I rescued a rabbit last summer, Poopsie, from a garbage can at a forest preserve. She's a very good rabbit but unfortunately not a good fit for me. I'm an undergraduate student who moves and travels around a lot for various internships and volunteer opportunities and I have a very hard time moving my rabbit and also finding apartments/hotels that will allow caged animals. I really wish I could keep her but I feel like it's very hard on her to move around and I also feel like I'm not giving her enough attention due to always being busy.

I'm asking no re-homing fee, as long as she goes to a good home that will love her forever.

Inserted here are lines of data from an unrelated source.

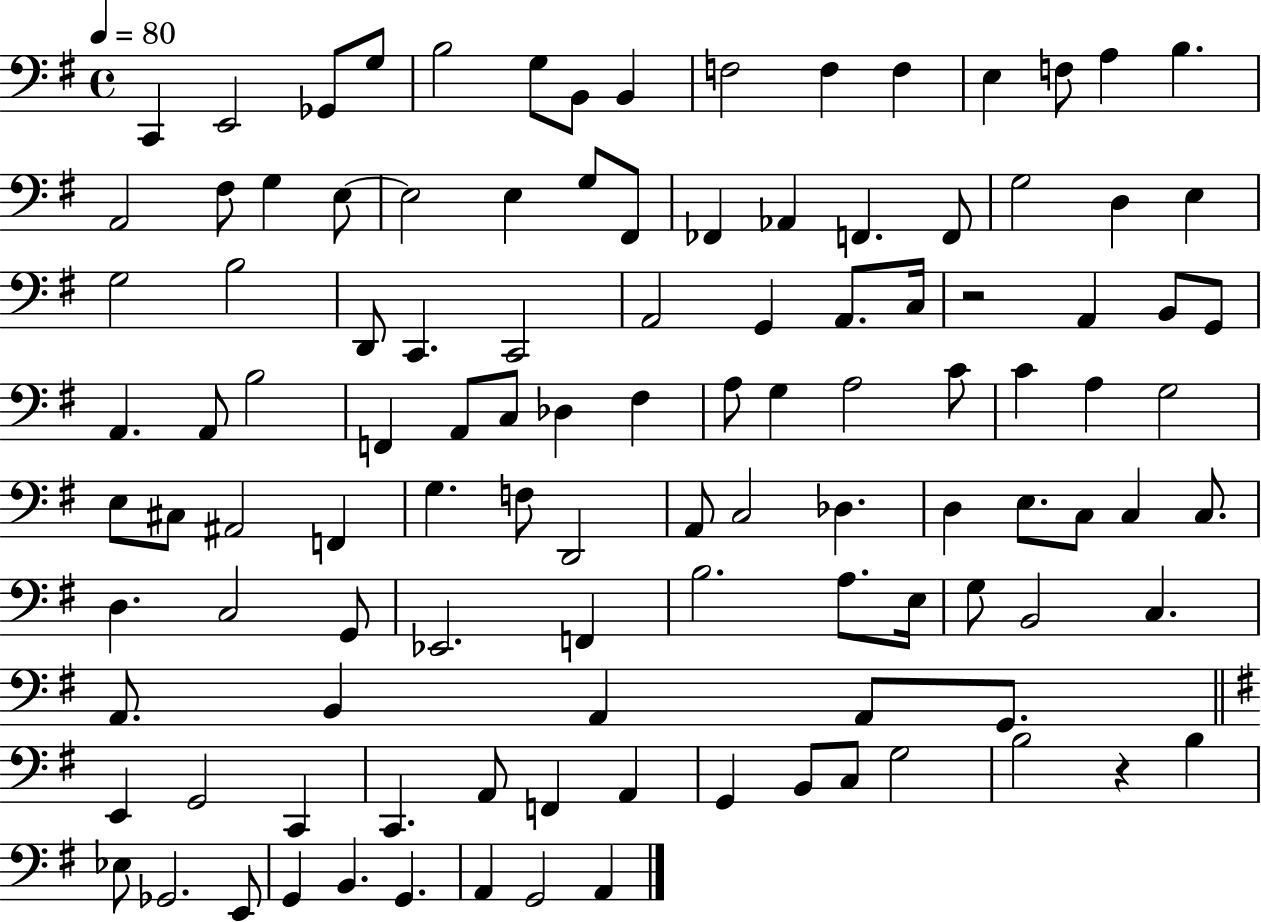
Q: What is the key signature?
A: G major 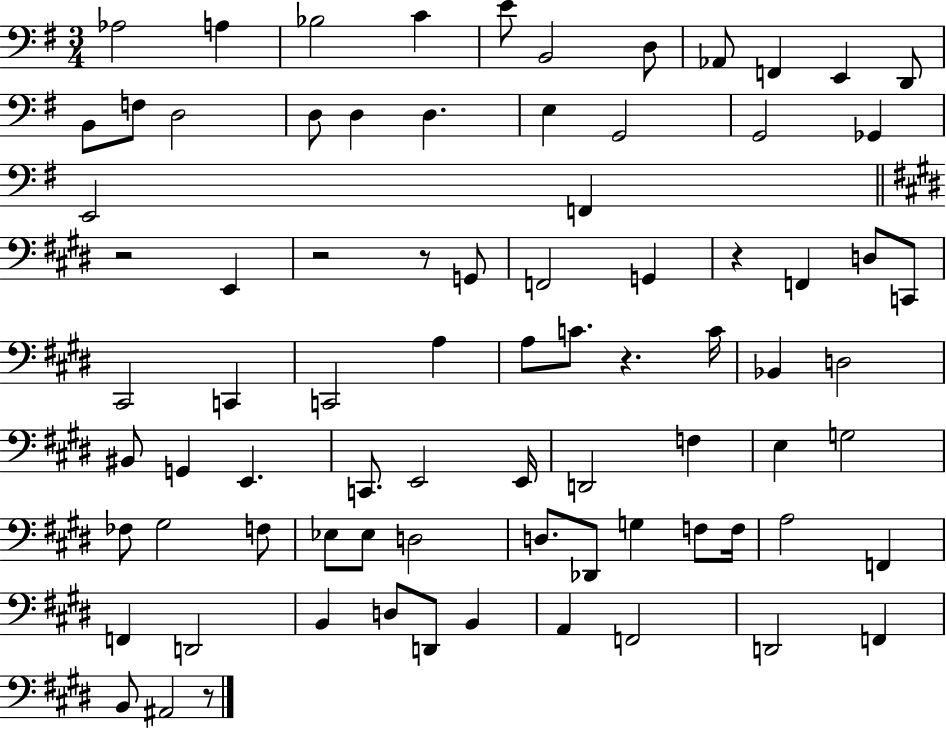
{
  \clef bass
  \numericTimeSignature
  \time 3/4
  \key g \major
  aes2 a4 | bes2 c'4 | e'8 b,2 d8 | aes,8 f,4 e,4 d,8 | \break b,8 f8 d2 | d8 d4 d4. | e4 g,2 | g,2 ges,4 | \break e,2 f,4 | \bar "||" \break \key e \major r2 e,4 | r2 r8 g,8 | f,2 g,4 | r4 f,4 d8 c,8 | \break cis,2 c,4 | c,2 a4 | a8 c'8. r4. c'16 | bes,4 d2 | \break bis,8 g,4 e,4. | c,8. e,2 e,16 | d,2 f4 | e4 g2 | \break fes8 gis2 f8 | ees8 ees8 d2 | d8. des,8 g4 f8 f16 | a2 f,4 | \break f,4 d,2 | b,4 d8 d,8 b,4 | a,4 f,2 | d,2 f,4 | \break b,8 ais,2 r8 | \bar "|."
}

Email [email protected] or text 22four-7nine5-2seven0nine for pictures or more information. Currently we're located in Lafayette, IN (willing to travel around the Indianapolis area) but also make frequent trips to Schuamburg, IL (Chicago-area). May be willing to travel further for the perfect home.


----------



## Nancy McClelland (Jun 22, 2015)

Good luck!


----------



## BaileyBoy (Jun 29, 2015)

So good of you to rescue her. Much luck to the both of you


----------



## Lokin4AReason (Jun 29, 2015)

any photo(s) .. ?


----------